» The problem
Omit all pictures. Quote the lines from the one with "6 dell'alert A12/0984/13" through the end of the listing below, exactly as they appear.

» Supplied information

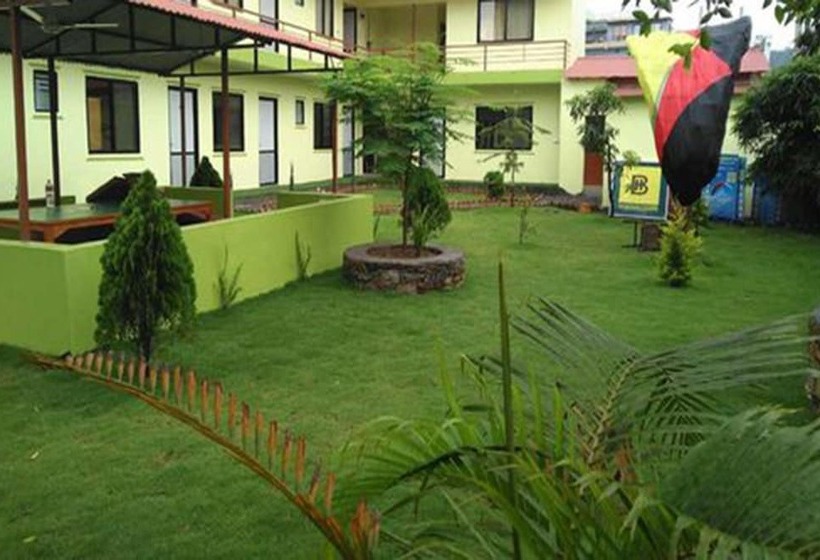 تختخواب و صبحانه Backpackers Home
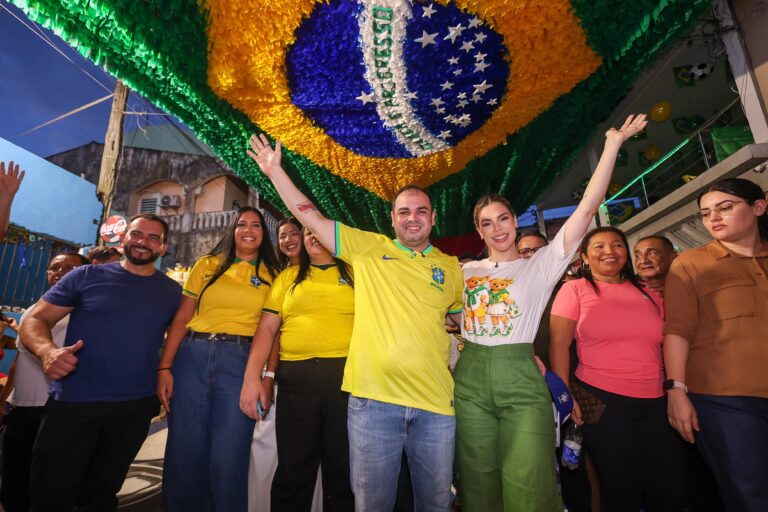 Governador Roberto Cidade visita Rua da Copa na zona centro-oeste de Manaus e destaca impulso à economia local
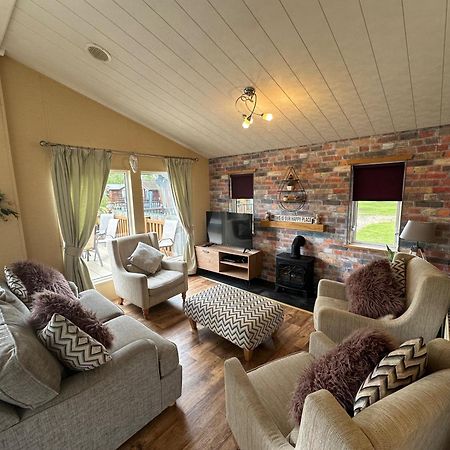 Luxury Lakeside Lodge L1 With Hot Tub Situated At Tattershall Lakes Country Park Bagian luar foto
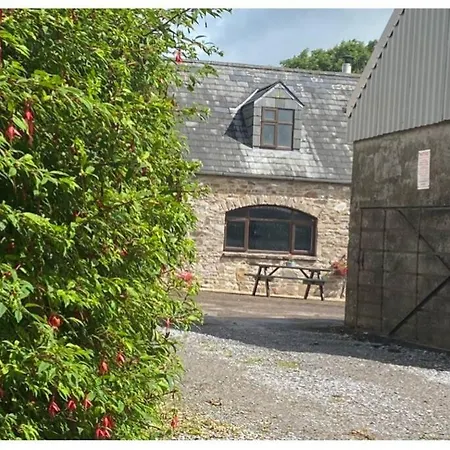 Cosy Restored Irish Farm House With Stables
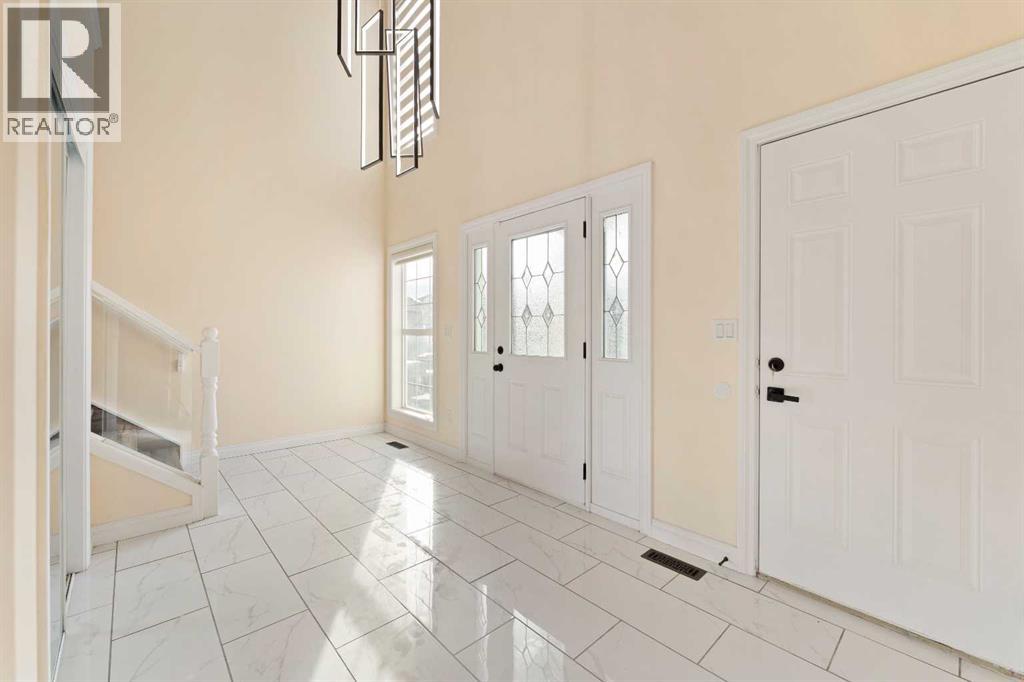 Single Family House for Sale in  Sherwood Circle NW Sherwood Calgary 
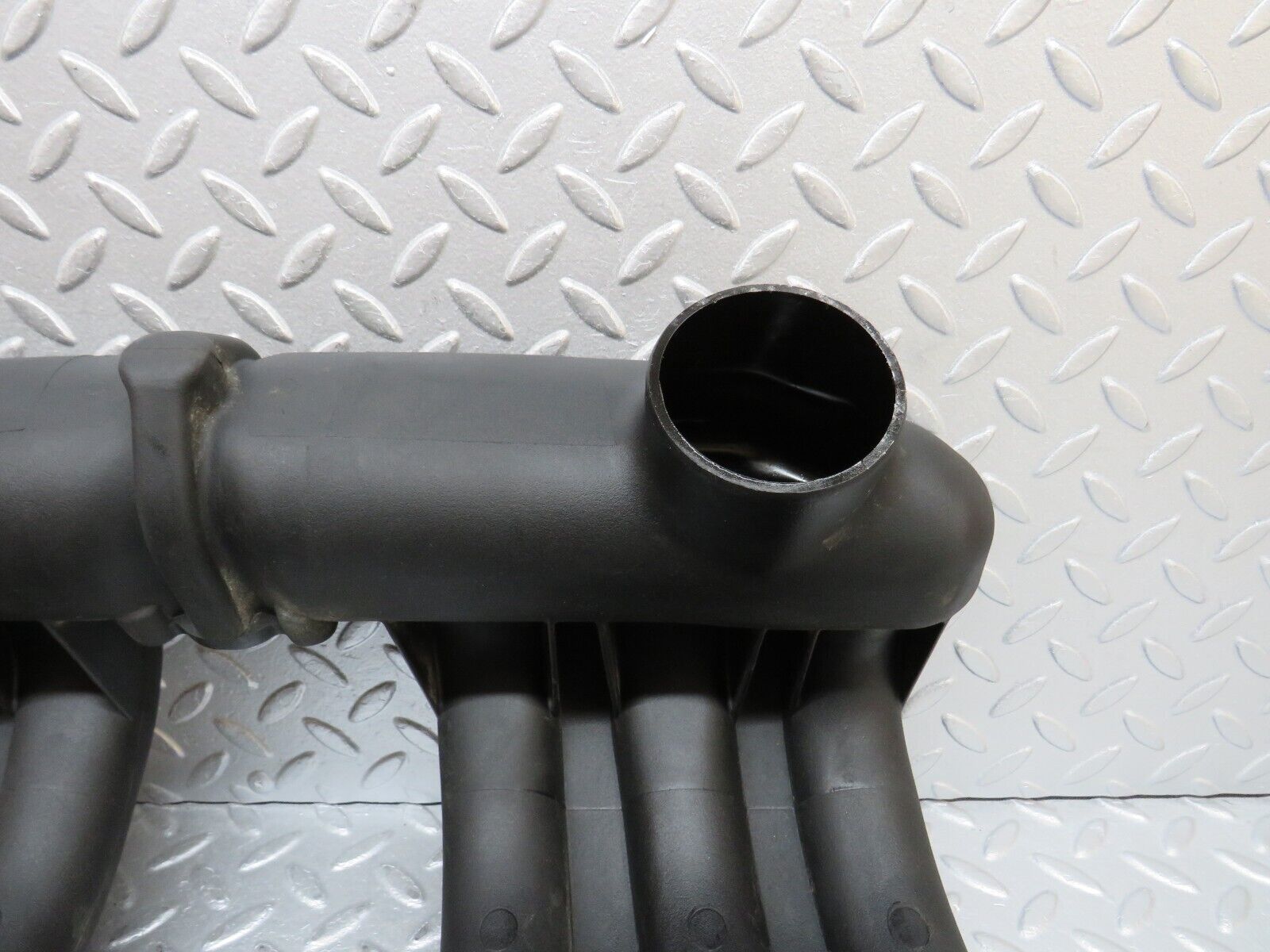 38497 Mercedes-Benz R129 280SL Coupe Air Intake Manifold 1041403601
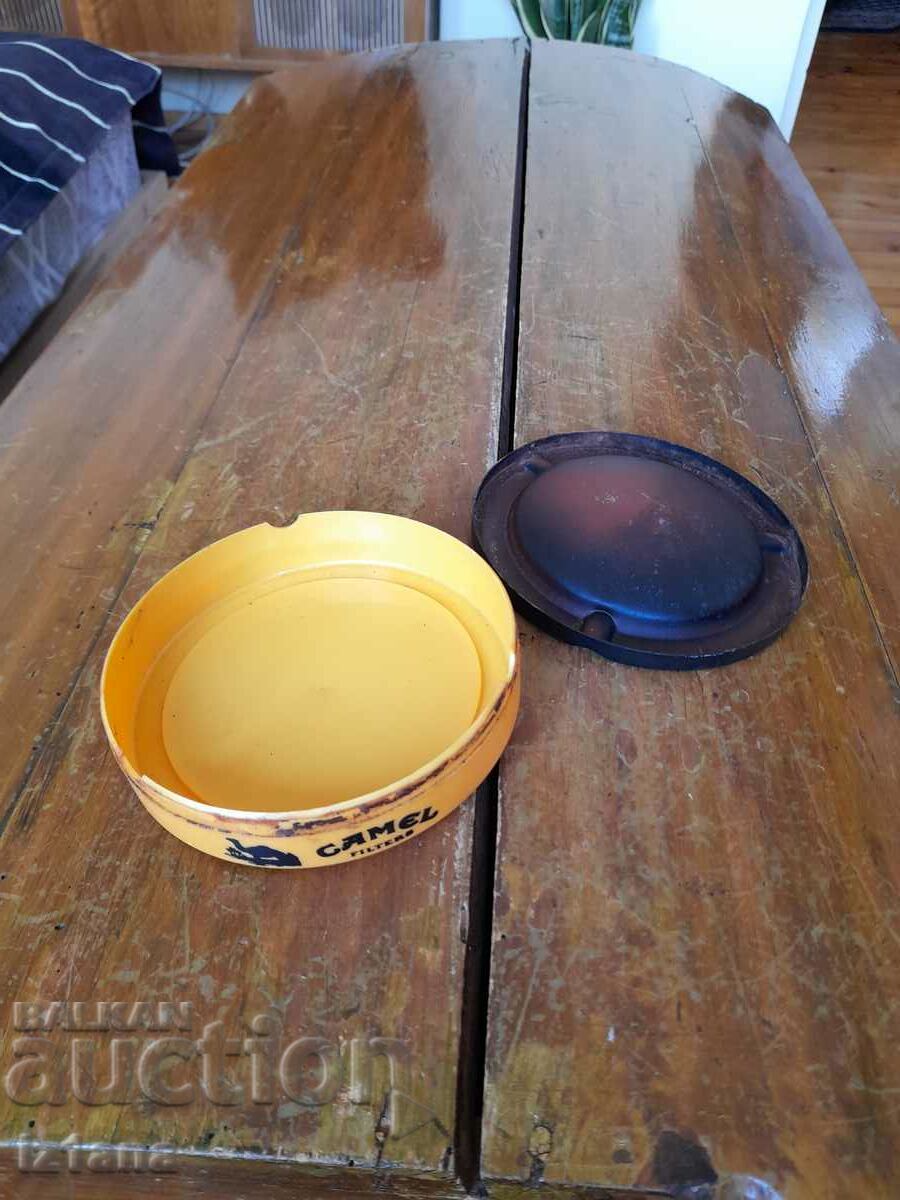 Delivery of Old Camel ashtray Delivery of Old Camel ashtray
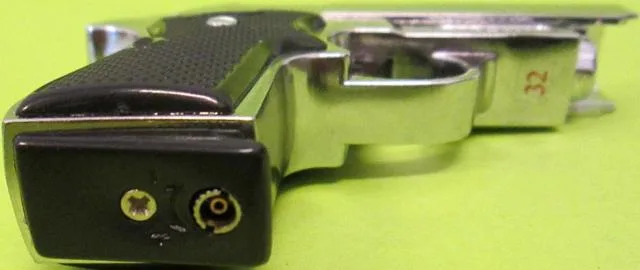 Accendino novità «Pistol lighter» — foto 6 dell'alert A12/0984/13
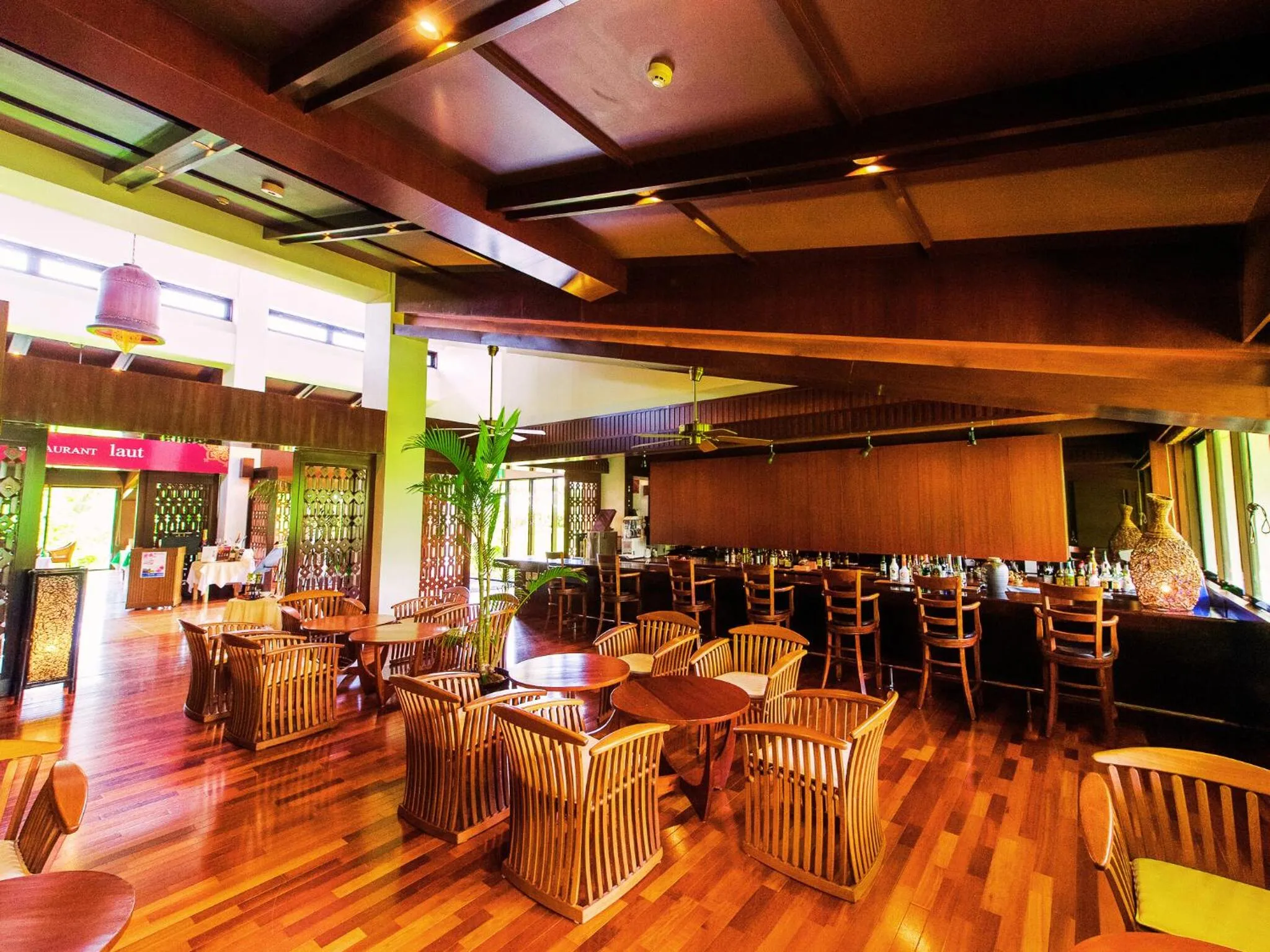 Restaurant/places to eat in LiVEMAX Amms Canna Resort Villa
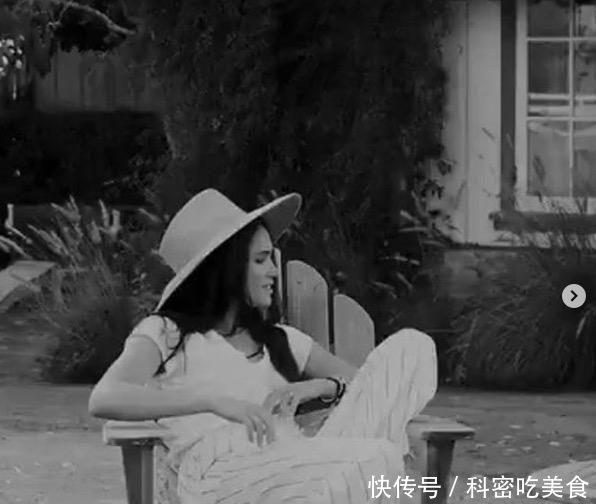 谈话|梅根与知名评论员后院谈话,脚放凳子上显真性情,全程无王室架子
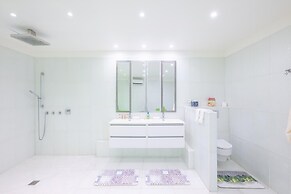 La Perla Palais - Luxury Villa on Private Beach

» The completed task
 Accendino novità «Pistol lighter» — foto 6 dell'alert A12/0984/13
 Restaurant/places to eat in LiVEMAX Amms Canna Resort Villa
 谈话|梅根与知名评论员后院谈话,脚放凳子上显真性情,全程无王室架子
 La Perla Palais - Luxury Villa on Private Beach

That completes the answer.